Glivenko-Cantelli for $k$-points

121 Views Asked by At

Let $\mu$ be a probability measure on $\mathbb{R}$. Let $f$ be a measurable function on $\mathbb{R}$. Let $(X_i)_{i \in \mathbb{N}}$ be a sequence of random iid variables, all of law $\mu$. Then Glivenko-Cantelli's theorem allows us to derive the convergence in law $\frac{1}{n} \sum^n_{i=1} \delta_{f(X_i)} \stackrel{n \to \infty}{\rightarrow} f_* \mu$.

Do we have a $2$-point Glivenko-Cantelli's theorem?

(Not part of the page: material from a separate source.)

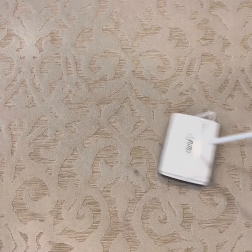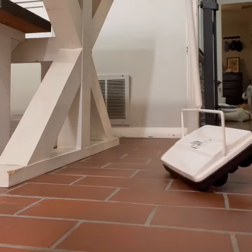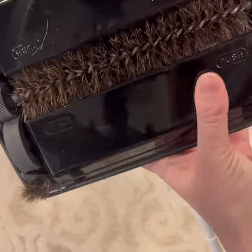I don't always want to get out my vacuum because it's loud. It's a lot to wind up the cord, especially if my kids are sleeping — I don't want to wake them up. So this is a really perfect solution to get up all sorts of dirt and debris, including dog hair and crumbs that my kids leave behind.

That is, let $f$ be a measurable function on $\mathbb{R}\times \mathbb{R}$. Do we have the convergence in law $\frac{1}{n(n-1)} \sum_{\substack{i,j \in \{1,\cdots,n\}\\ i\neq j}} \delta_{f(X_i,X_j)} \stackrel{n \to \infty}{\rightarrow} f_* (\mu \otimes \mu)$?

And a $k$-point Glivenko-Cantelli's theorem?

I don't know if it is possible to prove $2$-point Glivenko-Cantelli from the usual one, since the family $(X_i,X_j)_{\substack{i,j \in \mathbb{N}\\ i\neq j}}$ is not independent. But still, most of the pairs of members of the family are independent pairs...

1

There are 1 best solutions below

6
On

The answer is positive, though I don't see any reason to speak of Glivenko-Cantelli here, as it concerns uniform convergence.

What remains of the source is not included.